We’re living in a liquid society that can flow in all sorts of directions. So we need to listen to each other better, look at issues from different perspectives, and take a step back to gain a more complete viewpoint. It’s also important to listen and query each other’s understanding of work-related terms so that we can communicate clearly and effectively in this dynamic context.
Motivations and relationhips are no longer fixed
Whether you like it or not, the fluidity of the modern world obliges us to go with the flow. This poses interesting questions about important aspects of life that for many years formed the fixed points in people’s existence. In a liquid society, what do you do with your fixed 30-year mortgage, fixed long-term relationships, fixed job functions, fixed career paths, fixed car payments, fixed sickness ensurance, fixed telephone contract… and fixed organization? Is there still any point in these static constructions?
Individuals now have gigantic power when it comes to switching their choices. Maybe we should facilitate the ability to switch by enabling people to learn new skills, try out a range of functions and explore different aspects of themselves. There’s a huge responsibility involved in offering such choices, but it’s clear that people increasingly expect to be able to select from an entire menu of options.
It’s also a generational thing: anyone who went to school more than 30 years ago was educated to develop and to push themselves forward individualistically in the career market, whereas the next generation of schoolchildren was encouraged to work on projects within a team, and the current generation is being stimulated to earn lots of money through entrepreneurship. That’s why there are often three generations of people, with a very different education and outlook, working together in the same company. No wonder we often don’t understand one another.
The Netherlands: ahead of the flow
As befits a country built on land that was reclaimed from the sea, the Netherlands is more at home in a fluid situation than many other nations. We are even pioneers in certain things, such as having a highly flexible workforce.
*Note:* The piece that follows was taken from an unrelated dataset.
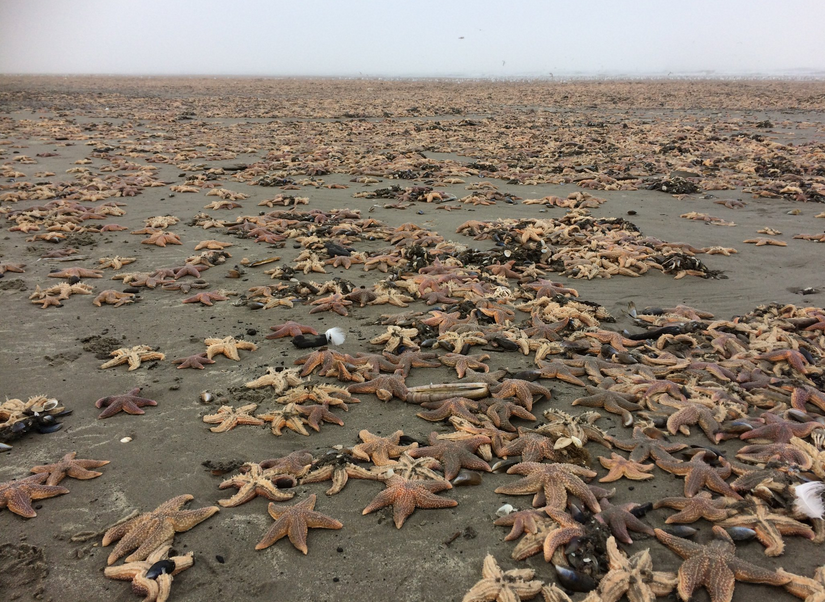 Dead starfish as far as the eye can see. Photo: Martin Kool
Currently, about 40% of the labor market is composed of independent tradespeople and temporary workers. This is a linear, structural development that has its own pros and cons. The group of independent workers used to mainly be composed of people aged over 40, but its members are now much younger, indicating that some people are confident of holding their own at a younger age. The number of temporary employees is also growing. This is a more problematic group: they don’t have any guarantee of work, are often not well educated, and have a low ability to look after themselves. We are therefore encountering work-related social issues earlier than other countries, and will hopefully provide leadership in solving these too.
Where’s the talent?
So, on the labor market and probably in your organization too there is a group of well-educated employees with secure jobs (a lot of them aged 50+), a group of highly-educated freelancers and temporary workers. The interactions between these different groups of workers can be refreshing; their different perspectives mean they can learn a lot from one another. When deciding who to hire or train, it’s therefore worth checking your internal bias: the workforce is getting more flexible, and HR departments have to have a more flexible attitude too. It’s currently quite unusual to train temporary workers or contractors, yet doing so can prove a highly worthwhile investment.
The automation paradox: it’s making work more human
Automation is spreading, and is likely to soon take over many more functions traditionally performed by humans. However, it is better at ‘hard’ functions such as analytics than ‘soft’ ones such as interpretation. Jobs that require truly human skills and interactions, such as certain aspects of teaching or managing, will be relatively immune, whereas many automatable functions are at risk. Typically human skills such as empathy and creativity are important and will continue being so. Human beings are also good at complex work that involves a whole variety of skill sets and whose effects cannot always be foreseen. All of this means that jobs involving human skills are on the rise.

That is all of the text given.